▶ _WHAT IS NEEDED_
Retype, word for word, the line holding "プジョー プジョー ３００８" and every line below it to the end of the listing. Leave out the pictures.

▶ _DATA EXCERPTS_
━━━━━━━━━━━━━━━━

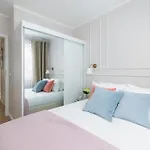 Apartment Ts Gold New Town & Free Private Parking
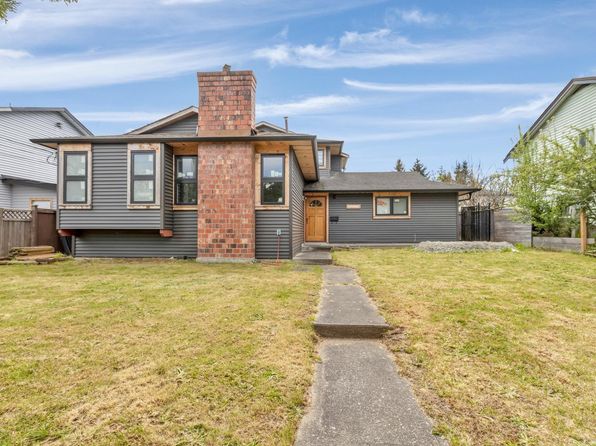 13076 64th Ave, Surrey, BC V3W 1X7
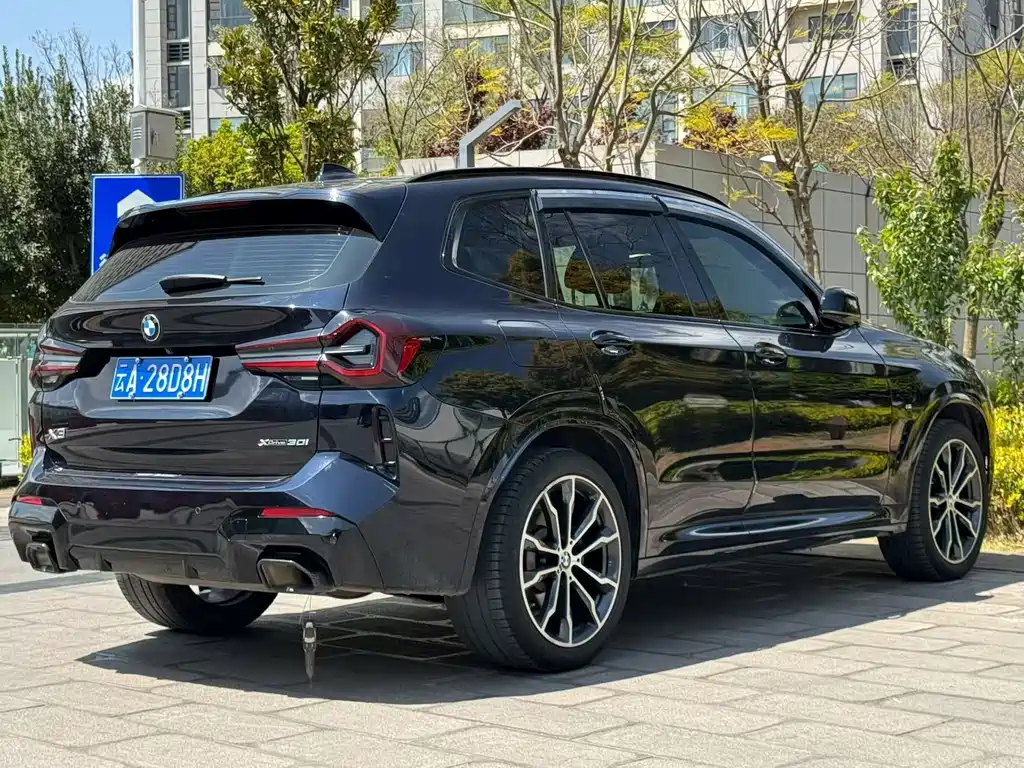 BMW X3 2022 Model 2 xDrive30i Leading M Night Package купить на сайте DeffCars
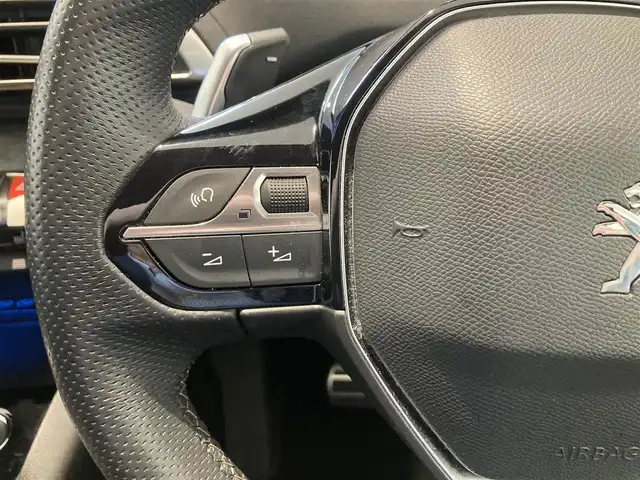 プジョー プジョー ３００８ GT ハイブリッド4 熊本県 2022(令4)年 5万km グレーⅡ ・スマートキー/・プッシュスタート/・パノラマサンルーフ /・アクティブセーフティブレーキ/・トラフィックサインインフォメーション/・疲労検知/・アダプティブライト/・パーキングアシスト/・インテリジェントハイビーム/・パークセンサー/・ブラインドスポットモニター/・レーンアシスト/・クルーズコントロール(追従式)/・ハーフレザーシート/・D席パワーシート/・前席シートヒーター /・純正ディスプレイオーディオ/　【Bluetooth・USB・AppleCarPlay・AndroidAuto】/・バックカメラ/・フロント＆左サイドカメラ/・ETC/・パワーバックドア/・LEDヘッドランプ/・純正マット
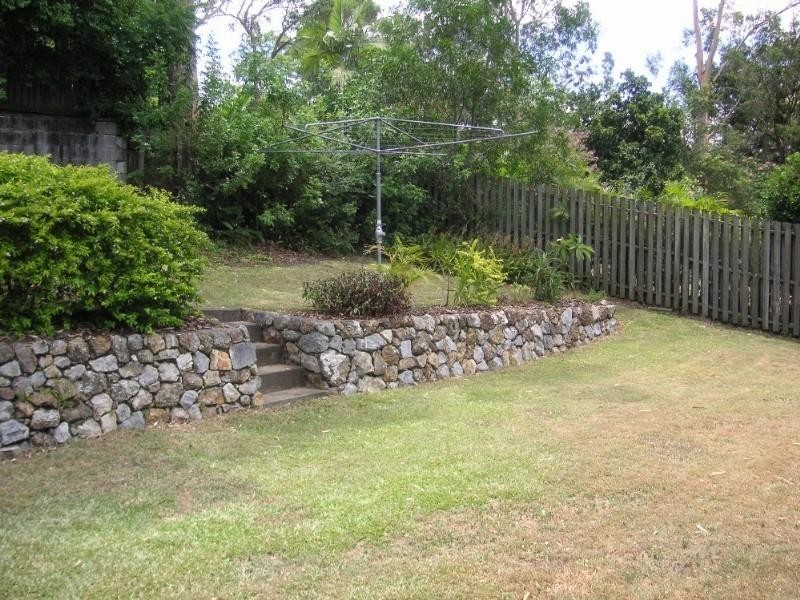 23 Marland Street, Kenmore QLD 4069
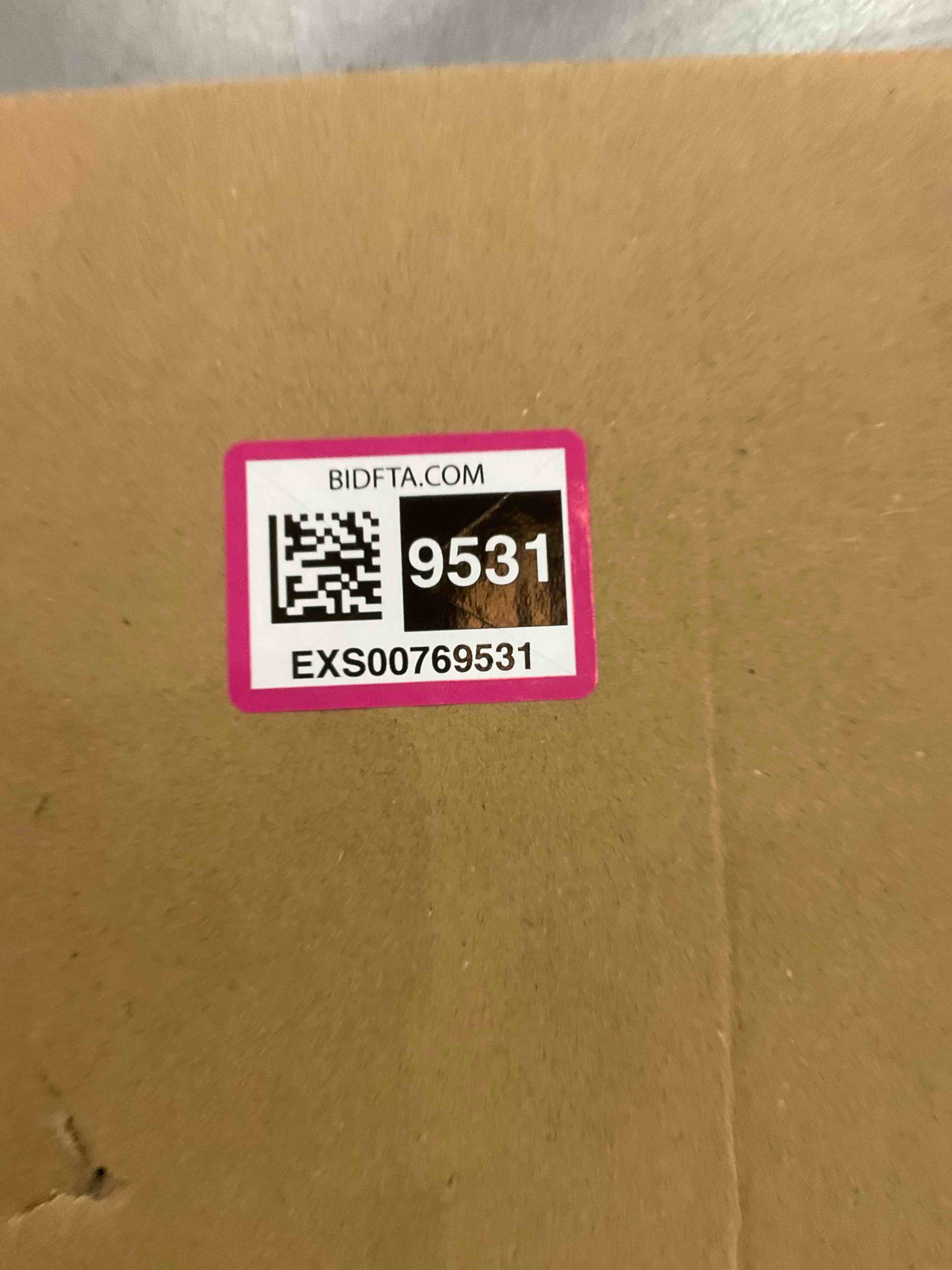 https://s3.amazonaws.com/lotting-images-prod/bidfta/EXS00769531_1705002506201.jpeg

━━━━━━━━━━━━━━━━

▶ _RESPONSE_
 プジョー プジョー ３００８ GT ハイブリッド4 熊本県 2022(令4)年 5万km グレーⅡ ・スマートキー/・プッシュスタート/・パノラマサンルーフ /・アクティブセーフティブレーキ/・トラフィックサインインフォメーション/・疲労検知/・アダプティブライト/・パーキングアシスト/・インテリジェントハイビーム/・パークセンサー/・ブラインドスポットモニター/・レーンアシスト/・クルーズコントロール(追従式)/・ハーフレザーシート/・D席パワーシート/・前席シートヒーター /・純正ディスプレイオーディオ/　【Bluetooth・USB・AppleCarPlay・AndroidAuto】/・バックカメラ/・フロント＆左サイドカメラ/・ETC/・パワーバックドア/・LEDヘッドランプ/・純正マット
 23 Marland Street, Kenmore QLD 4069
 https://s3.amazonaws.com/lotting-images-prod/bidfta/EXS00769531_1705002506201.jpeg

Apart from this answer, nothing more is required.